▸ WHAT YOU SHOULD DO
Retype only what runs from the first line of the records to the line with "ALDI Przysmak turecki Maluta ayran oferta", inclusive, and no pictures.
----- SUPPLIED INFORMATION
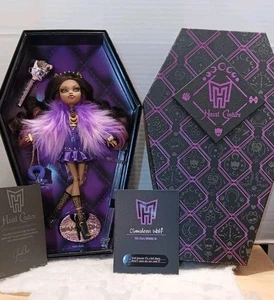 Muñeca Clawdeen Wolf Monster High Haunt Couture de Mattel Creations - Imagen 1 de 14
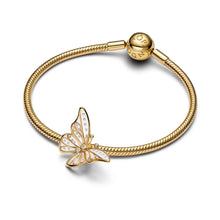 Load image into Gallery viewer, Oversized Butterfly Openwork Charm
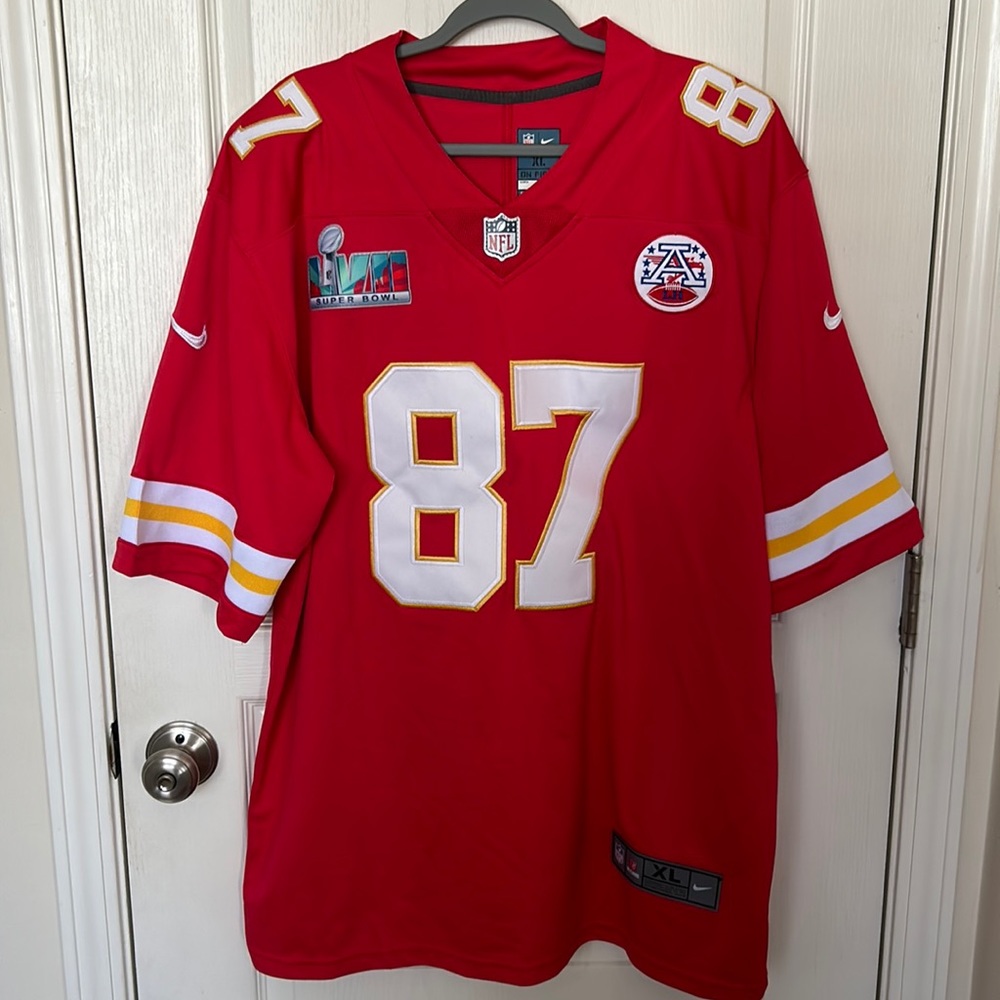 Travis Kelce Jersey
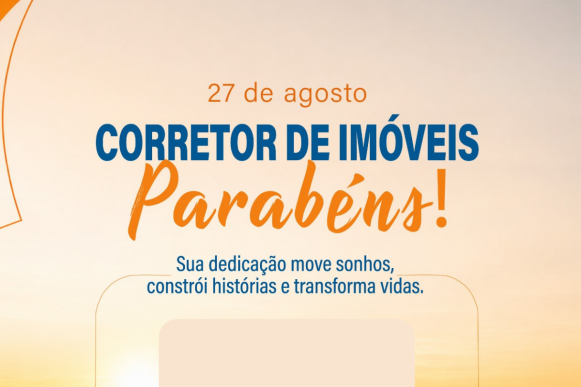 Dia Nacional do Corretor de Imóveis
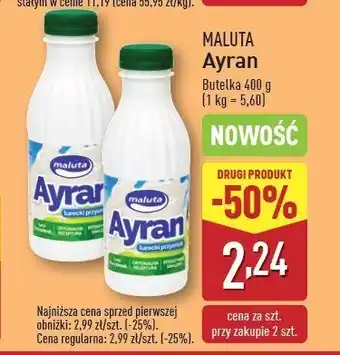 ALDI Przysmak turecki Maluta ayran oferta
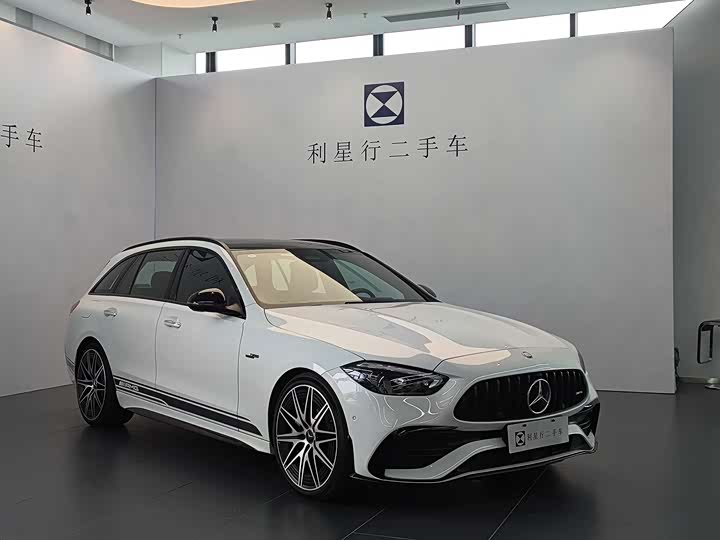 Mercedes-Benz C-Class AMG, 2025 — фото 3 из 9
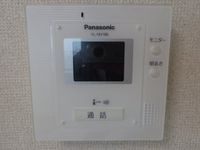 カメラ付インターホン
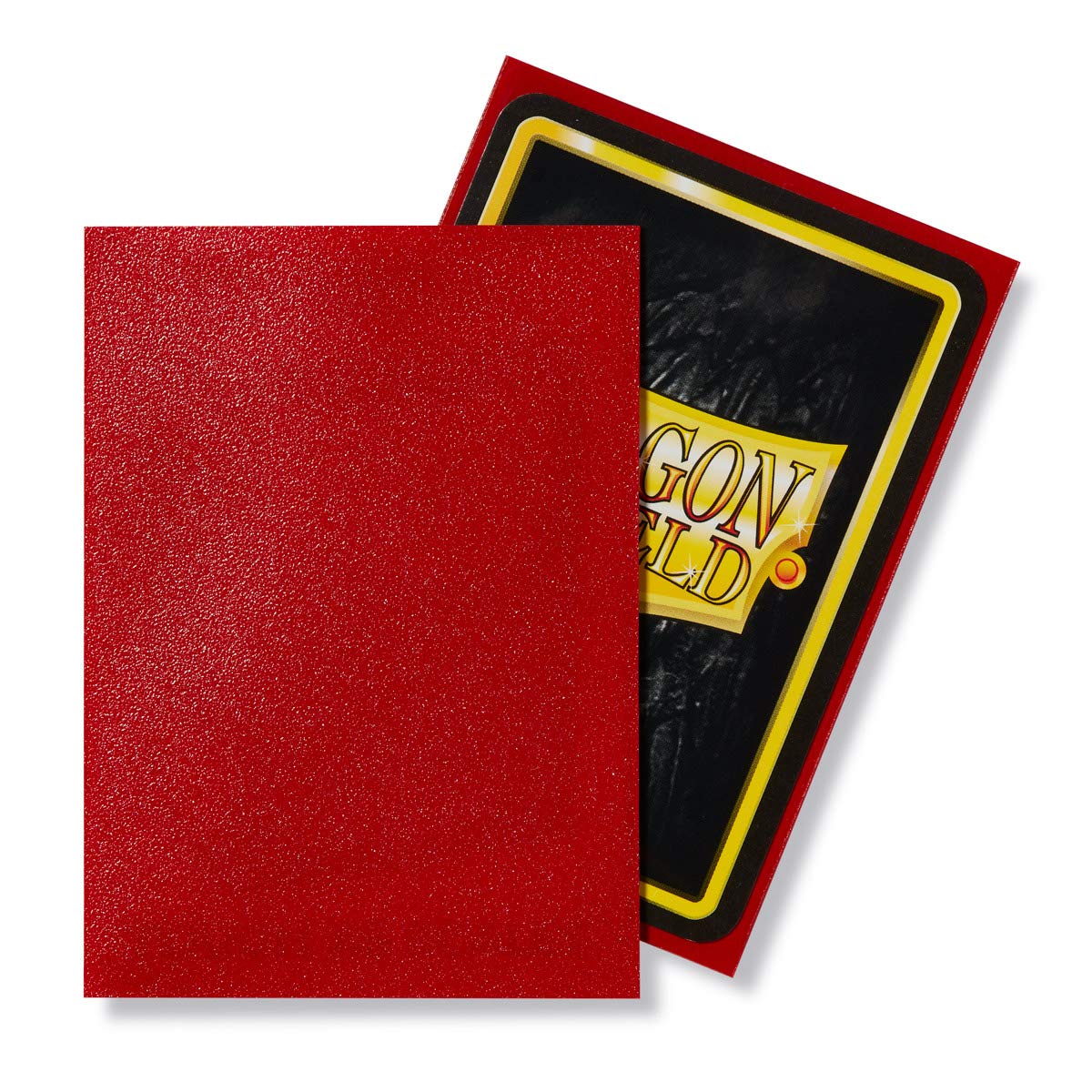 DRAGON SHIELD — 100 Protège-cartes Standard Matte Ruby – Image 2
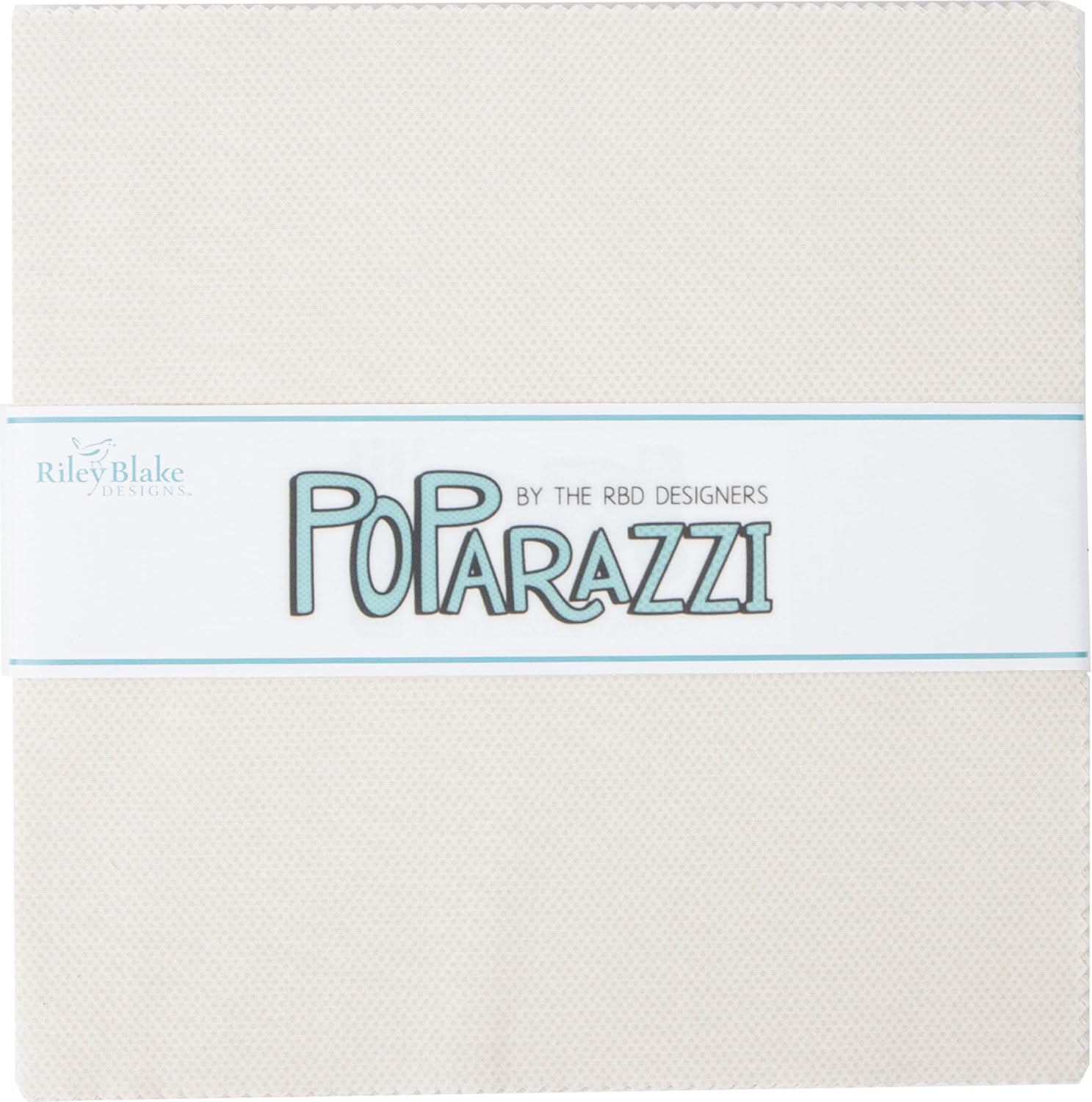 Riley Blake Designs POParazzi 10" Cream Stacker 42pcs Layer Cake 10-805-CREAM-42 — Confetti Dot Cotton Quilting Fabric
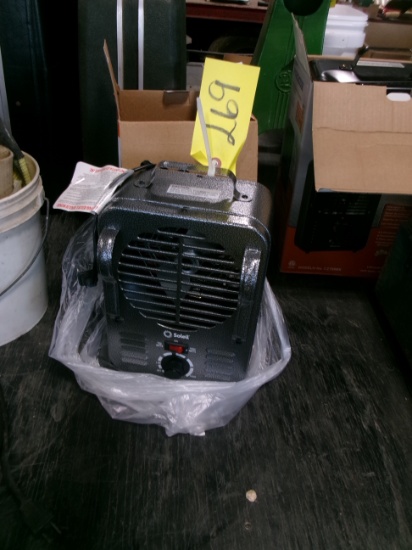 NEW SOLIEL FANFORCED ELECTRIC UTILITY HEATER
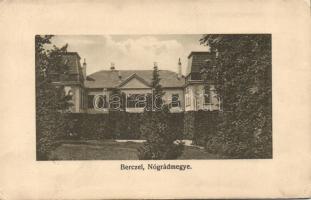 Berczel kastély (EK)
----------
▸ RESULT FOR THIS TASK
 Muñeca Clawdeen Wolf Monster High Haunt Couture de Mattel Creations - Imagen 1 de 14
 Load image into Gallery viewer, Oversized Butterfly Openwork Charm
 Travis Kelce Jersey
 Dia Nacional do Corretor de Imóveis
 ALDI Przysmak turecki Maluta ayran oferta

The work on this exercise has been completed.